◆ AVAILABLE DATA:
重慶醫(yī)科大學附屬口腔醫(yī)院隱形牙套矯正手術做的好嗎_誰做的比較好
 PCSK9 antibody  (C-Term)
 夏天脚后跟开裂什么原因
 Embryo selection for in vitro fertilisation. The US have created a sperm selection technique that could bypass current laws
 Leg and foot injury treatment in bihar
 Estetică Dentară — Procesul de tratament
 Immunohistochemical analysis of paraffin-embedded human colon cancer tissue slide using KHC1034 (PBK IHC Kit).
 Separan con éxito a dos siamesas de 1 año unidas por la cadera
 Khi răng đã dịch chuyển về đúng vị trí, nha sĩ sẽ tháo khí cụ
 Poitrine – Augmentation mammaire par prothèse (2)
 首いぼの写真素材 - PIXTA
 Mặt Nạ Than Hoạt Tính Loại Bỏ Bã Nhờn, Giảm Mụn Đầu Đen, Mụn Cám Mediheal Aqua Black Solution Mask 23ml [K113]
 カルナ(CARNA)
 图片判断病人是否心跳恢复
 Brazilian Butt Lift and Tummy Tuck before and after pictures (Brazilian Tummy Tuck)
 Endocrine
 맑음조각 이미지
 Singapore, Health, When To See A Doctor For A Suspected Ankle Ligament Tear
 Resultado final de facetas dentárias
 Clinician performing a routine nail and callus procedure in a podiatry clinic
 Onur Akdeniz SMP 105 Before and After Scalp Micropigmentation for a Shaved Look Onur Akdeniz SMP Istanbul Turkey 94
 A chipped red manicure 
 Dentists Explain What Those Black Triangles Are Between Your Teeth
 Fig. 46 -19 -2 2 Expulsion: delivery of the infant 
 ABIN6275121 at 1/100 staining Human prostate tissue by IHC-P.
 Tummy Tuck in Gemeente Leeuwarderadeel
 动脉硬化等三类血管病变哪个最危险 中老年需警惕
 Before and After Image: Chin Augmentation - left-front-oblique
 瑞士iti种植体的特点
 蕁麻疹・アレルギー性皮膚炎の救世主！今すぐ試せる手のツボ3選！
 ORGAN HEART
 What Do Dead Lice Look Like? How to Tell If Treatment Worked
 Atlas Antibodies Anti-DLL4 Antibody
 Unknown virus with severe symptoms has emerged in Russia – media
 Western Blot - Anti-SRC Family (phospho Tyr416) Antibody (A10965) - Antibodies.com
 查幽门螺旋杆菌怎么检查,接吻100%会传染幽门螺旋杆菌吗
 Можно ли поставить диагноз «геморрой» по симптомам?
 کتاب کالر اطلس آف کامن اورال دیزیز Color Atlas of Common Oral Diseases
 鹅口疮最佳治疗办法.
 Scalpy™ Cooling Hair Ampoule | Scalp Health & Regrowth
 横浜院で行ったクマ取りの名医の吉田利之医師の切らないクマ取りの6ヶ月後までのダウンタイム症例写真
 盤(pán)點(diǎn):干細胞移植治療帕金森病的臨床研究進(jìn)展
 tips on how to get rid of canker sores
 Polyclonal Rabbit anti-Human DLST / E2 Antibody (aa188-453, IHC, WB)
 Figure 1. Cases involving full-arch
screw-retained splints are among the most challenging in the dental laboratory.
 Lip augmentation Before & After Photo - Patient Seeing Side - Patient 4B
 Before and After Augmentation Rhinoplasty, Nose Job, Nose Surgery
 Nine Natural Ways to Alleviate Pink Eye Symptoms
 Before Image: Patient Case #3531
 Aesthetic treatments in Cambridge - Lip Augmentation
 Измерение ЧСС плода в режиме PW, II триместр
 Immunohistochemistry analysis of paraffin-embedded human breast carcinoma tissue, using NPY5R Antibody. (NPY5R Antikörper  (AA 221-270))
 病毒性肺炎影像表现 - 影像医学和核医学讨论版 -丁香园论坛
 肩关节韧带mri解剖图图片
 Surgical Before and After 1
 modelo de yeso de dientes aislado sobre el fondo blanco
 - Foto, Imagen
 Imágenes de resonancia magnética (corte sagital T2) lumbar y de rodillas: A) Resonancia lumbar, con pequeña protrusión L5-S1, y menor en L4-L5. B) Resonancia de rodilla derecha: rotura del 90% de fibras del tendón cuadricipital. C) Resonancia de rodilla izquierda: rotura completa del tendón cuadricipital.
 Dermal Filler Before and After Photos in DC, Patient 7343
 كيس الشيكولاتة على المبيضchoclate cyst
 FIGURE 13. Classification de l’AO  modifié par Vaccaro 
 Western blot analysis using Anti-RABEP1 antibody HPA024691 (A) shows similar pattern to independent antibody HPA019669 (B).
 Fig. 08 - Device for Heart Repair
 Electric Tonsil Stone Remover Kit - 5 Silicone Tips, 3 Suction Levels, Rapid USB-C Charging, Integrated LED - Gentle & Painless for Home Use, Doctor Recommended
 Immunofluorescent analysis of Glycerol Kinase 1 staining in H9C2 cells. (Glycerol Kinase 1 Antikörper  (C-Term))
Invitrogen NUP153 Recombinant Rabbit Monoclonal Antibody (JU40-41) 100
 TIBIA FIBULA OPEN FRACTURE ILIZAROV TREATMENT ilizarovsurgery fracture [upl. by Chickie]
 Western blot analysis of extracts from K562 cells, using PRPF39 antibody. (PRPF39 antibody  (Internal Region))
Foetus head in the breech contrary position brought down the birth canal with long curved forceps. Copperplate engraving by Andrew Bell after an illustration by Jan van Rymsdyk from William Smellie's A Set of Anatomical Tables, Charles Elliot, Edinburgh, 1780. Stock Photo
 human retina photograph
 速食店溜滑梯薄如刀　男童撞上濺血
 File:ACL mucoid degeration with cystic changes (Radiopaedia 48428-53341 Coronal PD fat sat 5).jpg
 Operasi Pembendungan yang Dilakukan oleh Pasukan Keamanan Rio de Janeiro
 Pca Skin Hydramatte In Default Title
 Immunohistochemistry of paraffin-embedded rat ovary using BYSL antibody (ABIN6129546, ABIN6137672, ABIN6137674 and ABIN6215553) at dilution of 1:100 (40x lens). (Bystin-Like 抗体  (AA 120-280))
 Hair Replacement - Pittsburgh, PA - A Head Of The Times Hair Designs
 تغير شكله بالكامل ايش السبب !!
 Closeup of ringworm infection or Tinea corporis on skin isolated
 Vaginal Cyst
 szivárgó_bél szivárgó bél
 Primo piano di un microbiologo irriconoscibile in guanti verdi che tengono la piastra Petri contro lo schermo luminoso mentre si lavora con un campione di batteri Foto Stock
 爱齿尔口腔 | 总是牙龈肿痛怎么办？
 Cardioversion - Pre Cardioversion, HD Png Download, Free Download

◆ WHAT TO WORK ON: Return a word-for-word copy of the lines above from the one holding "Unknown virus with" through the one holding "Before and After Augmentation", with both of them included and nothing besides.

◆ RESPONSE FOR THIS EXERCISE:
 Unknown virus with severe symptoms has emerged in Russia – media
 Western Blot - Anti-SRC Family (phospho Tyr416) Antibody (A10965) - Antibodies.com
 查幽门螺旋杆菌怎么检查,接吻100%会传染幽门螺旋杆菌吗
 Можно ли поставить диагноз «геморрой» по симптомам?
 کتاب کالر اطلس آف کامن اورال دیزیز Color Atlas of Common Oral Diseases
 鹅口疮最佳治疗办法.
 Scalpy™ Cooling Hair Ampoule | Scalp Health & Regrowth
 横浜院で行ったクマ取りの名医の吉田利之医師の切らないクマ取りの6ヶ月後までのダウンタイム症例写真
 盤(pán)點(diǎn):干細胞移植治療帕金森病的臨床研究進(jìn)展
 tips on how to get rid of canker sores
 Polyclonal Rabbit anti-Human DLST / E2 Antibody (aa188-453, IHC, WB)
 Figure 1. Cases involving full-arch
screw-retained splints are among the most challenging in the dental laboratory.
 Lip augmentation Before & After Photo - Patient Seeing Side - Patient 4B
 Before and After Augmentation Rhinoplasty, Nose Job, Nose Surgery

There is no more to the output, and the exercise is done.